Long-time Palestinian activist Nafisa Ques [60] protested on June 10 near the occupied Damascus Gate in East Jerusalem. Stefanie Glinski for foreign policy

JERUSALEM – Outgoing Israeli Prime Minister Benjamin Netanyahu's twelve consecutive years in office came to an end after a momentous vote during a chaotic and heated parliamentary session on Sunday evening to appoint Naftali Bennett as Israel's new Prime Minister.

The Knesset opted for a cumbersome eight-party coalition, supported by a narrow 60-59 majority, with one member of an Arab party abstaining. The new alliance is both unlikely and fragile, spanning the entire political spectrum, including both far-right and far-left parties, as well as an Arab party for the first time.

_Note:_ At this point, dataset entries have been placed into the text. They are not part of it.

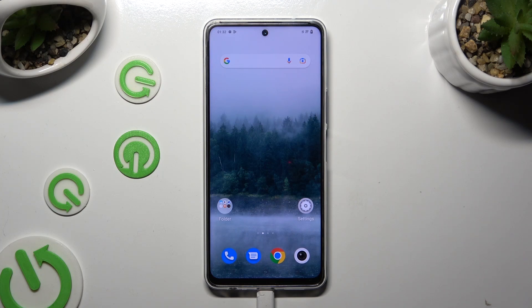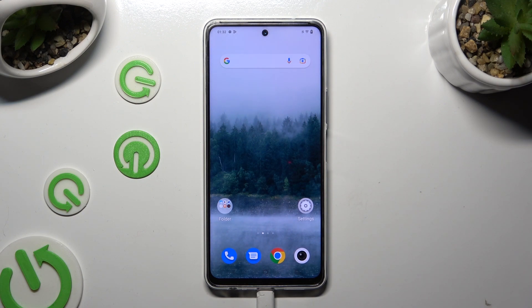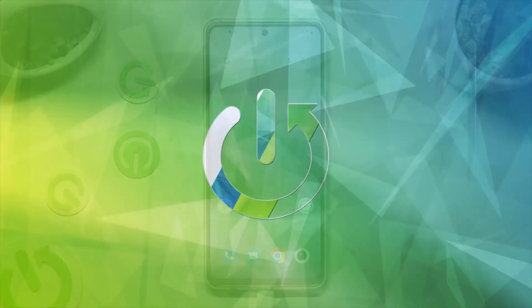Hi, in front of me is the Vivo Y200 and today I would like to show you how you can locate all text correction options.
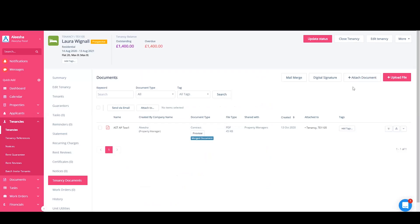And that is how you add variables and mail merge a contract within your account.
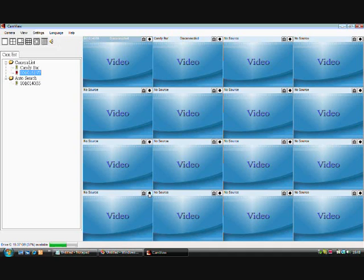You'll notice the auto search category on the left-hand side with a bunch of numbers below it. This means the camera has been found and automatically configured.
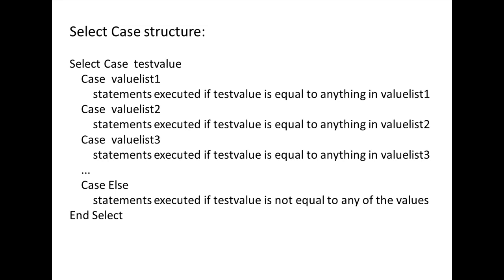If you have a single variable or expression that you would like to compare to many other values, you can use a Select Case Structure.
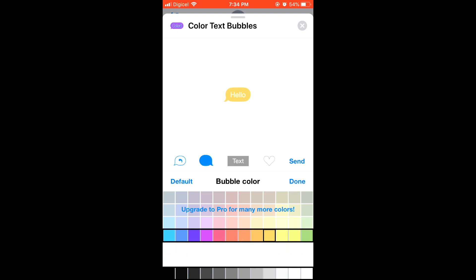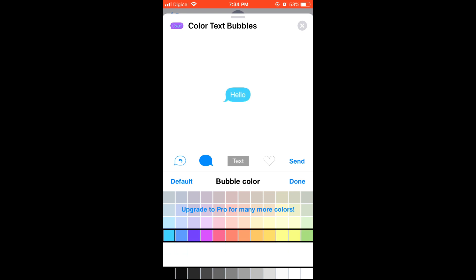After you have selected the color of the text that you'd like and the color of the bubble that you'd like, you can click on done or click on send to send the text.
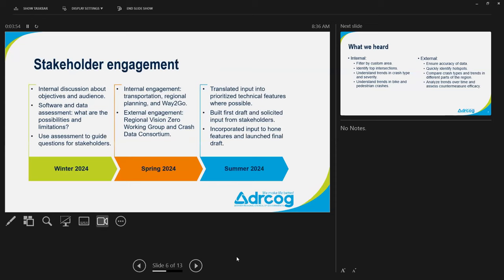We did stakeholder engagement to understand how to design the dashboard. We started with internal discussion in winter to define our objectives and audience, and did software and data assessments. In spring, we began engagement internally with teams here at Dr. Cog that use crash analysis — transportation and planning was a big one. Externally, we engaged the Regional Vision Zero Working Group and the Crash Data Consortium, asking how they would use a dashboard and what questions they'd want to answer.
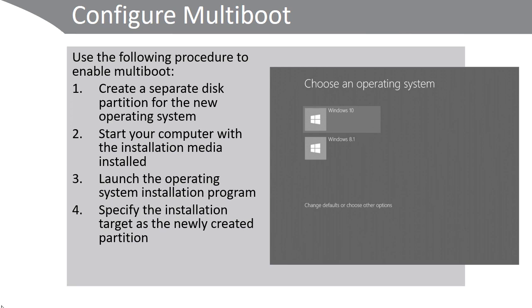Whilst using multi-boot has attractive possibilities, it's a little old fashioned. These days, if you want to support multiple operating systems, consider using a virtual hard disk and some sort of hypervisor like Client Hyper-V.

Many Israelis, mostly left-wing supporters, took to the streets dancing and waving flags on Sunday evening. Yet Jerusalem – and the rest of Israel – remain deeply divided, and there is little evidence that much the new coalition government can do to bridge these differences.

Bennett, leader of the right-wing Yamina party, will serve as prime minister for the next two years, then giving way to his centrist partner, Yair Lapid, leader of Yesh Atid.

Bennett presented his coalition to the "criminals" and "liars" shouts of extreme right-wing MPs who accuse him of electoral fraud. Days before Sunday's swearing-in ceremony, right-wing Israelis protested outside the parliament building in Jerusalem, calling for the abolition of the Bennett-Lapid Pact, claiming that deeply divided politicians would not be able to work together.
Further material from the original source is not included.